Kłeczek znokautowany. Senator Libicki wymierzył mu cios w samo podbrzusze
W czwartkowym programie TVP Info „Za czy przeciw?” pojawił się m.in. polityk PSL Jan Filip Libicki. Prowadzącym był Miłosz Kłeczek, który bywa czasami wręcz określany mianem propagandysty PiS, a nie dziennikarza. Libicki powiedział coś, co nie mogło się spodobać nikomu w TVP.
Jan Filip Libicki vs. Miłosz Kłeczek
TVP wraca do formy. Choć w pierwszym powyborczym wydaniu „Wiadomości” zaskoczyły małą dawką amunicji wymierzonej w antyPiSowską opozycję, ostatnio dziennikarze stacji znów zaczęli kąsać. Widzieli to widzowie „Za czy przeciw?”. W programie pojawił się m.in. wspomniany Libicki.
Na początku programu rozmawiano o tym, co zrobi teraz prezydent. Kłeczek przekonywał widzów i gości, że w związku z tym, że PiS wygrało wybory, otrzymując najwyższy wynik, powinno dostać od prezydenta szasnę na stworzenie rządu.
– Pan prezydent może postąpić według tego zwyczaju. Ten ruch będzie ruchem jałowym. Próbować można wobec oczywistych faktów – odpowiedział na to senator PSL Jan Filip Libicki.
Dodał, że jego partia nie pójdzie na konsultacje z prezydentem z żadnymi postulatami, ale „wysłuchają tego, co on chce przekazać”. Ludowiec zadeklarował, że Trzecia Droga nie „pisze się na koalicję z PiS”.
Kłeczkowi taka odpowiedź nie pasowała do jego narracji. Próbował więc wbić klin pomiędzy PSL a resztę opozycji.

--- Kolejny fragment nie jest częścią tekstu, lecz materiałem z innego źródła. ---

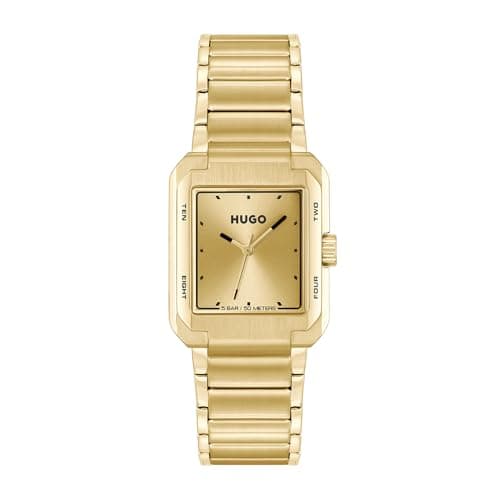 Image of HUGO Three Hand Quartz Movement Watch for Men #Thrive Analog Collection with Gold Colored Stainless Steel Bracelet - 1530381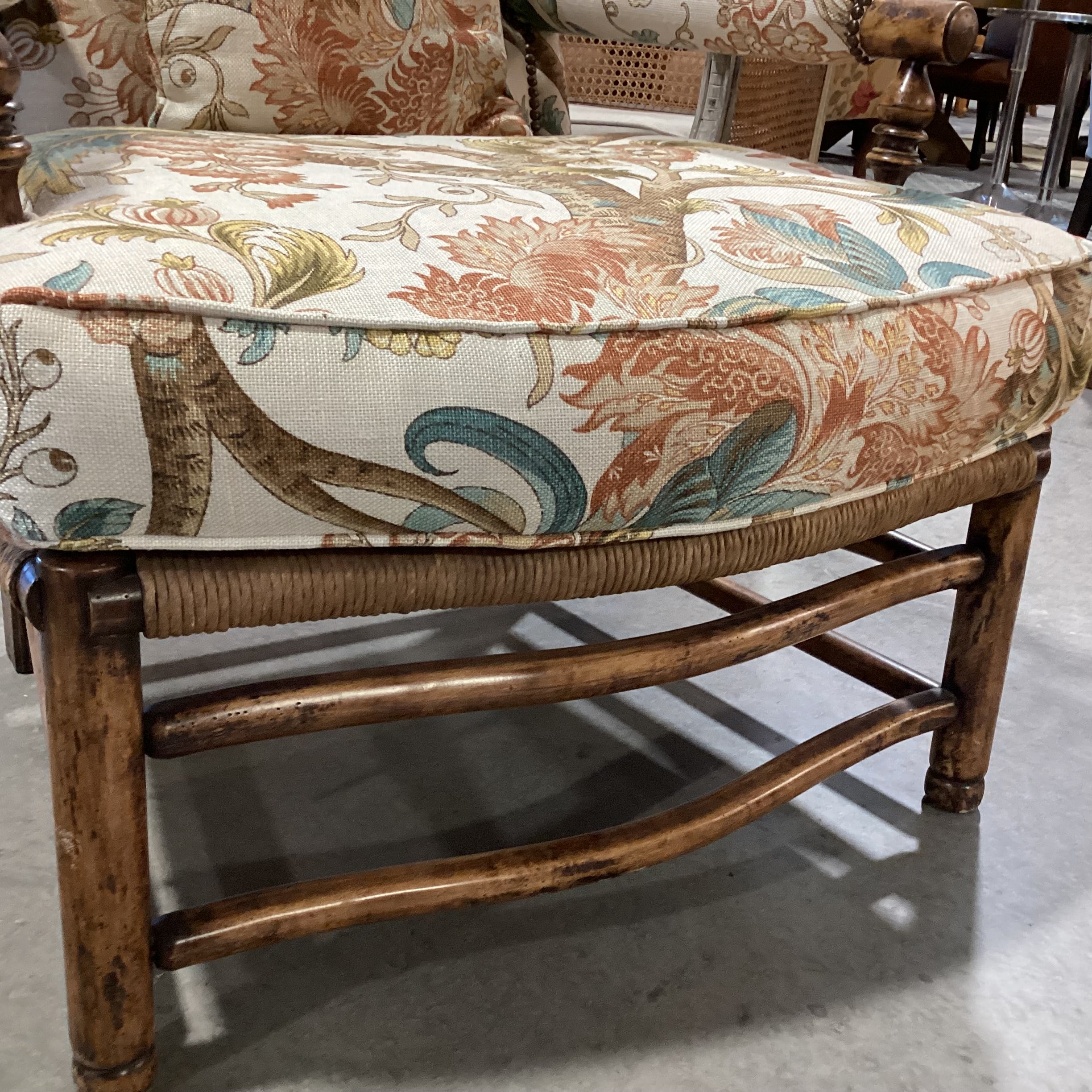 Carved Wood Rush Seat & Floral Belgian Linen Nailhead Chair 32"x 32"x 40"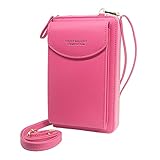 bolso bandolera fucsia ✨ [ Dimensiones del Bolso / Bandolera ] 18 x 11 x 4 cm. El bolsillo frontal del teléfono es de aproximadamente 16 x 9.5 x 2 cm (Alto x Ancho x Fondo)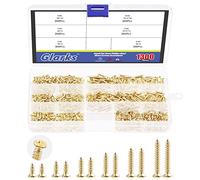 GLARKS G1703 1300Pcs 5mm 6mm 7mm 8mm 10mm Small Tiny Nails Wooden Screws Set Gold Self Drilling Flat Cross Head Screws Assortment Kit for Home Furniture Decor (Gold)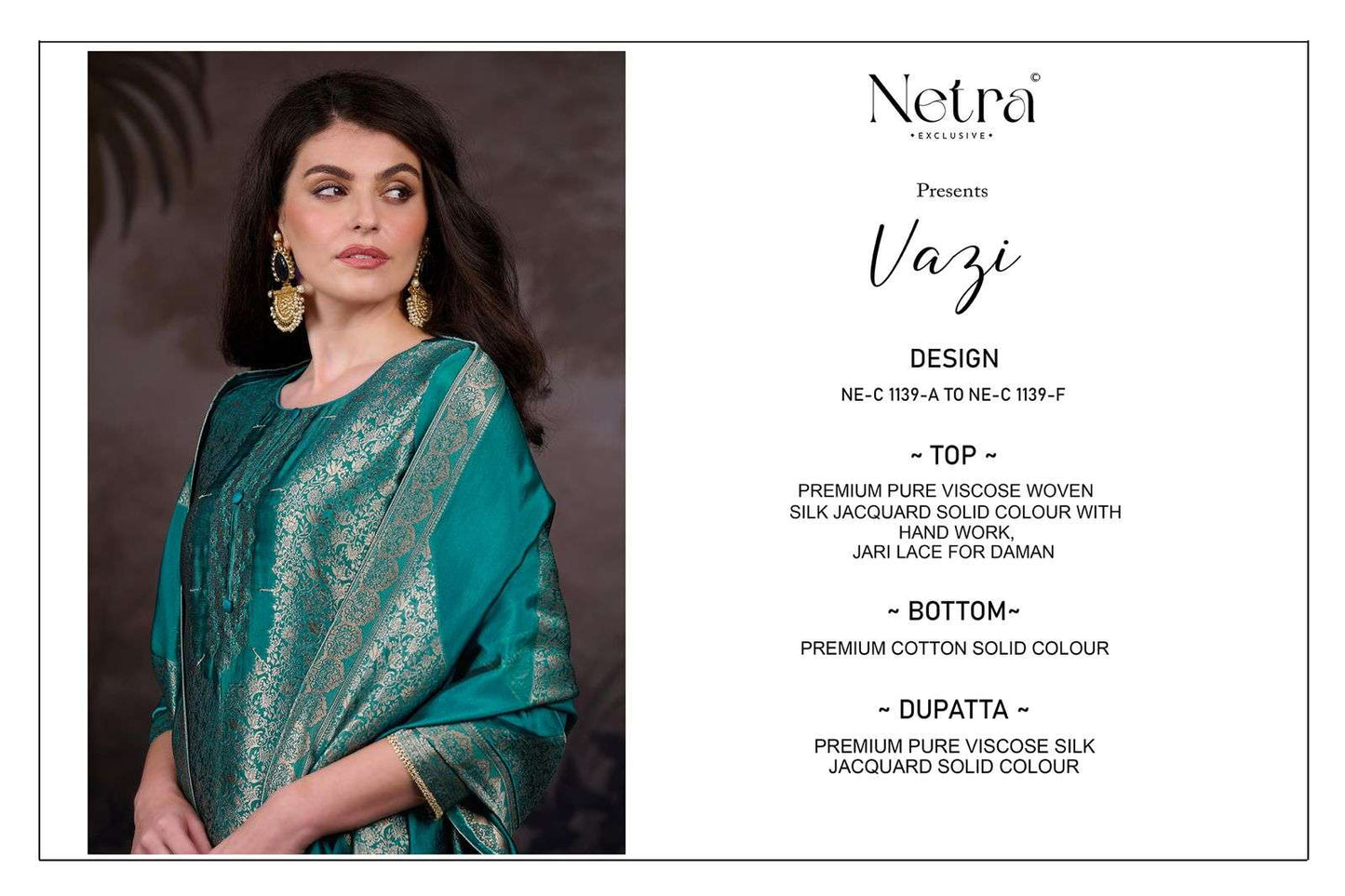 Vazi Netra Woven Silk Pant Style Suits Manufacturer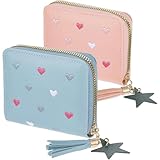 2 Stück Geldbörse für Mädchen, für Mädchentasche, 10 Jahre, niedliche kleine Geldbörse mit Quaste, Mini-Kartenetui für Mädchen, Brieftasche, Hellrosa und Blau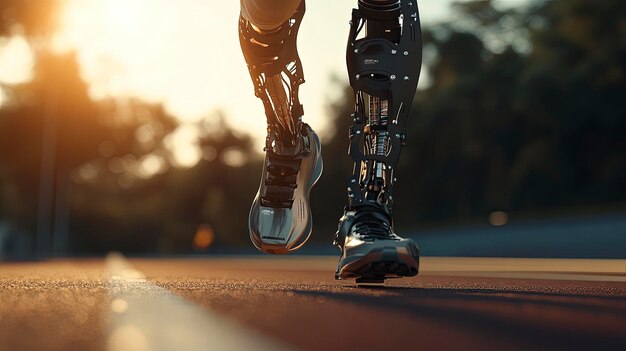 Photo prosthetic running blade positioned on a track bright midday sun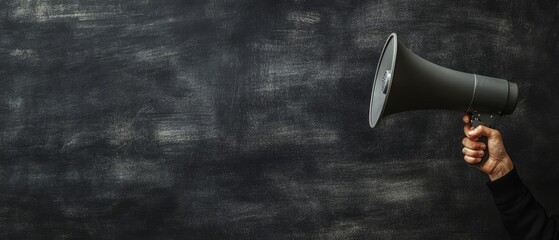 A hand holds a megaphone against a dark, textured background, with the megaphone pointing to the left.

Przypomniał, że wśród postulatów Koalicji Obywatelskiej jest liberalizacja prawa do wykonywania aborcji. Ludowcy zaś są w tej kwestii bardziej wstrzemięźliwi.
Jak na to odpowiedział polityk PSL? Odparł, że należy do obozu ludowców, a w tym można głosować w takich sprawach „według własnego sumienia”.
Cięta riposta Libickiego
Kłeczek nie dawał na wygraną. Zaczął tłumaczyć, że nowy rząd obecnej opozycji nie powstanie, bo w ramach Trzeciej Drogi, KO i Nowej Lewicy jest zbyt wiele mniejszych partii. Nie pozwalał Libickiemu odpowiedzieć. Tyle że ten ostatecznie przypomniał mu, że jego rola w TVP dobiega końca.
– Czas, kiedy Pan przerywa gościom w tym programie, nieubłaganie zbliża się do końca – powiedział senator PSL.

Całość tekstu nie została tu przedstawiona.